Studio album by Final Fantasy
- Released: June 13, 2006
- Genre: Baroque pop, 21st-century classical music, chamber music
- Length: 37:24
- Label: Blocks Recording Club (Canada), Tomlab (elsewhere)

Final Fantasy chronology
| Young Canadian Mothers (2006) | He Poos Clouds (2006) | Spectrum, 14th Century (2008) |

= He Poos Clouds =

He Poos Clouds is the second studio album by Canadian indie musician Owen Pallett, under the pseudonym Final Fantasy. It was released on June 13, 2006, on Blocks Recording Club in Canada and Tomlab internationally.

The songs on the album (excluding the fifth and tenth tracks) are loosely connected to the eight schools of magic in the role-playing game Dungeons & Dragons, and the title track's lyrics ostensibly refer to the Nintendo video game series The Legend of Zelda, as well as The Chronicles of Narnia. Pallett has also said that the album is a reflection on how atheists confront death.

The track "This Lamb Sells Condos" refers to the Toronto real estate developer Brad J. Lamb, who had previously used the song's title phrase as an advertising slogan.

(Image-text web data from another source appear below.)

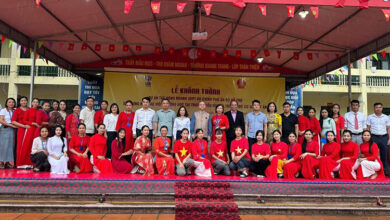 Photo of मेकांग-गंगा सहयोग के तहत वियतनाम में क्लासरूम, ग्रीन लाइब्रेरी का उद्घाटन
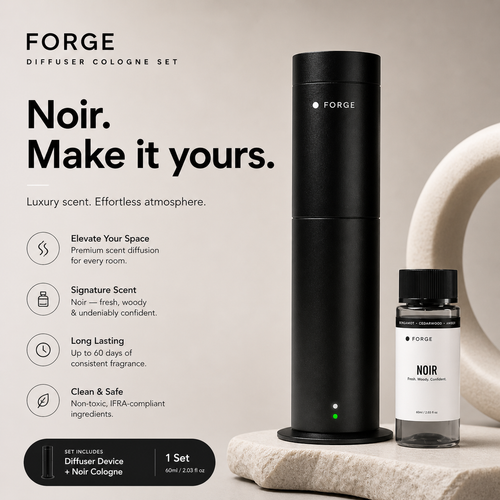 FORGE Home Diffuser Set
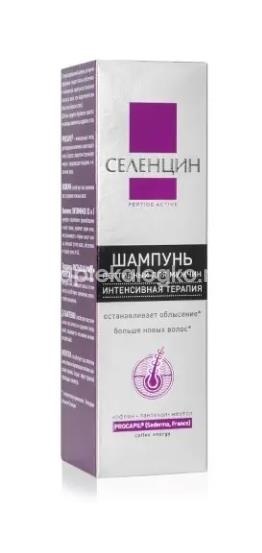 Селенцин пептид актив шампунь интенсивная терапия для мужчин 200 мл Селенцин пептид актив шампунь интенсивная терапия для мужчин 200 мл - 3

In the song, Pallett imagines an argument between the developer and his wife that alludes heavily to various fashion designers.

The album cover art is by Robin Fry.

The album was named the winner of the 2006 Polaris Music Prize on September 18, 2006.

Professional ratings
Review scores
| Source | Rating |
| Allmusic | Star |
| Pitchfork Media | 8.0/10 |

==Track listing==
Eight songs are directly related to the eight schools of magic in Dungeons & Dragons: the school of magic correlating to the song is in parentheses.

1. "The Arctic Circle" – 4:24 (Abjuration)
2. "He Poos Clouds" – 3:31 (Illusion)
3. "This Lamb Sells Condos" – 4:39 (Conjuration)
4. "If I Were a Carp" – 4:03 (Necromancy)
5. "→" – 0:57
6. "I'm Afraid of Japan" – 3:56 (Enchantment)
7. "Song Song Song" – 4:31 (Evocation)
8. "Many Lives → 49 MP" – 2:56 (Divination)
9. "Do You Love?" – 3:03 (Transmutation)
10. "The Pooka Sings" – 5:25

==Personnel==

- Owen Pallett – organ, viola, violin, harpsichord, piano, bass guitar, vocals
- Bethany Bergman – first violin
- John Marshman – violoncello
- Karen Moffatt – viola
- Ed Reifel – percussion
- Leon Taheny – percussion
- Jenny Thompson – second violin
- Doug Tielli – trombone

- Loretto Reid – concertina (1)
- Bob Wiseman – accordion (9)
- Lori Cullen – vocals (1, 3, 7, 10)
- Casey Mecija and Jenny Mecija – vocals (3, 7)
- Lex Vaughn – monologue (3)
- Aidan Koper, Jesse Foster, Tim Fagan – shouting (8)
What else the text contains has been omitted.